Right now, there is not a clear-cut “elite” talent at receiver like we’ve seen in years past with Sammy Watkins and Amari Cooper, but rather a plethora of player who have the potential to blossom into something special with another year in college.
The first name on this list is Christian Kirk (Texas A&M). A former 5-star recruit, Kirk quickly established himself as the Aggies’ best receiver early on in his career. Despite listed at 5-11, 200-pounds, he is great at fighting for contested balls in the air. Kirk is also an electric return man and has returned five punts for touchdowns in his young career. Don’t be surprised if the Antonio Brown comparison is thrown out there for him.
Two players in Tuscaloosa that could emerge as elite talents are Calvin Ridley (Alabama) and ArDarius Stewart (Alabama). Ridley, a sophomore, and Stewart, a junior, have combined to become the most dangerous receiving duo in the SEC. At 6-1, 188-pounds, Ridley drew a lot of comparisons to former Alabama star Amari Cooper for his route running and ability to take over the game as a true freshman. Meanwhile, Stewart, listed at 6-1, 204-pounds, took a little longer to develop as a player but has become a deep-threat option and a player who thrives in one-on-one situations.
One receiver that has flown under the radar due to the talent above him is Deon Cain (Clemson). With Mike Williams and Artavis Scott also on the roster, Cain hasn’t quite burst onto the scene as much as some other players. But with those two departing to the NFL after this season, Cain should start to draw some attention from scouts. At 6-1, 210-pounds, he has ideal size for the position and has caught 14 touchdowns over the past two seasons despite being the Tigers’ No. 3 receiver.
Finally, a big man who has burst onto the scene as a sophomore is Auden Tate (Florida State). At 6-5, 225-pounds, Tate has drawn comparisons to former Florida State star Kelvin Benjamin. He has emerged as the Seminoles’ best receiver over the course of the season and is adept at using his size to his advantage over smaller defensive backs. If he continues to develop, then Tate is a player who will draw a lot of attention from scouts and analysts.
Right now, there are two names at tight end that have emerged above the rest.
The first is Mike Gesicki (Penn State).
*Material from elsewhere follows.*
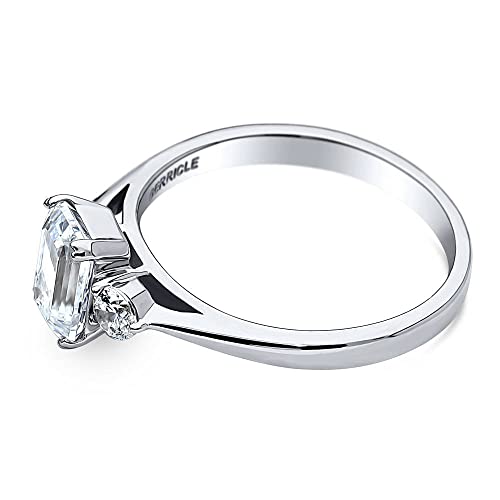 BERRICLE Sterling Silver 3-Stone Wedding Engagement Rings 1 Carat Emerald Cut Cubic Zirconia CZ Anniversary Promise Ring for Women, Rhodium Plated3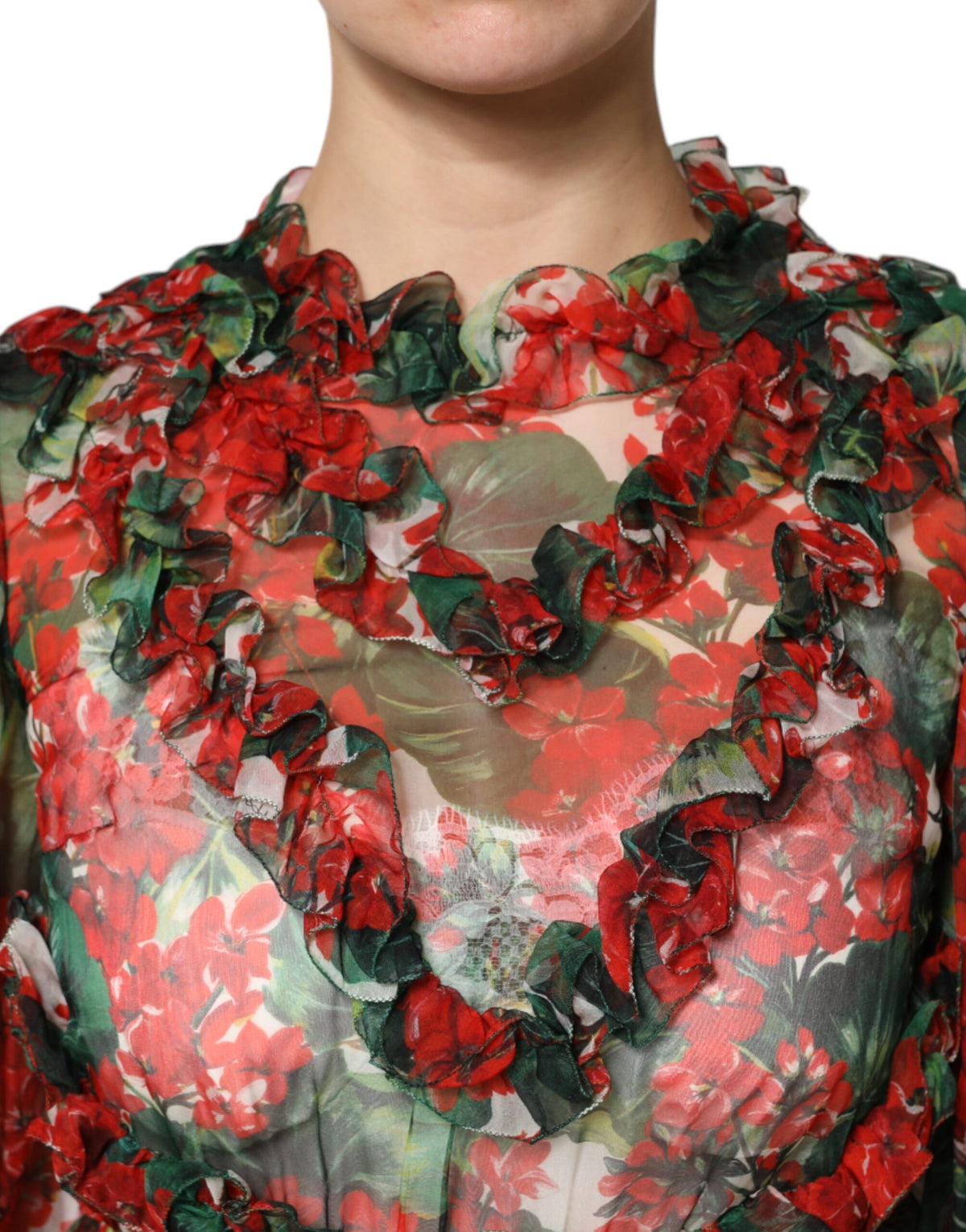 Dolce & Gabbana Multicolor Ruched Long Sleeve Floral Dress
At 6-6, 252-pounds, Gesicki has ideal size for the tight end position and has grown as a receiver throughout his career at Penn State. He has emerged a playmaker this season and is second on the team with 668 receiving yards. As he showed in the Big 10 Championship versus Wisconsin, he is adept at using his size to go up for contested balls, especially in the end zone. With another good year, there is no doubt that Gesicki’s name will be known in every draft circle.
The other is Dallas Goedert (South Dakota State). Don’t let the small school fool you, Goedert is a playmaker. He eclipsed 1,000 yards as a junior, including 150-yards versus FCS powerhouse North Dakota State. Expect Goedert to show out at the Senior Bowl next year as he watches his draft stock rise.
Similar to the tight end position, there are two names along the offensive line who have blossomed into elite linemen.
Connor Williams (Texas) is not a nationally-known name, but he might be the best offensive lineman in college football right now. The 6-5, 283-pounder took over as a true freshman at left tackle for the Longhorns and has been a stable option despite the chaos around him. A selection on Pro Football Focus’ All-American team, they credit him as being “the best left tackle in the nation, and was one of the most consistent players in the country period.”
The second name is Mitch Hyatt (Clemson). Hyatt, a former 5-star recruit, started from day one as a true freshman at left tackle for Clemson and has developed into one of the most dominant left tackles in the nation. In 933 pass protection snaps, Hyatt has given up just one sack. That’s a franchise left tackle right there.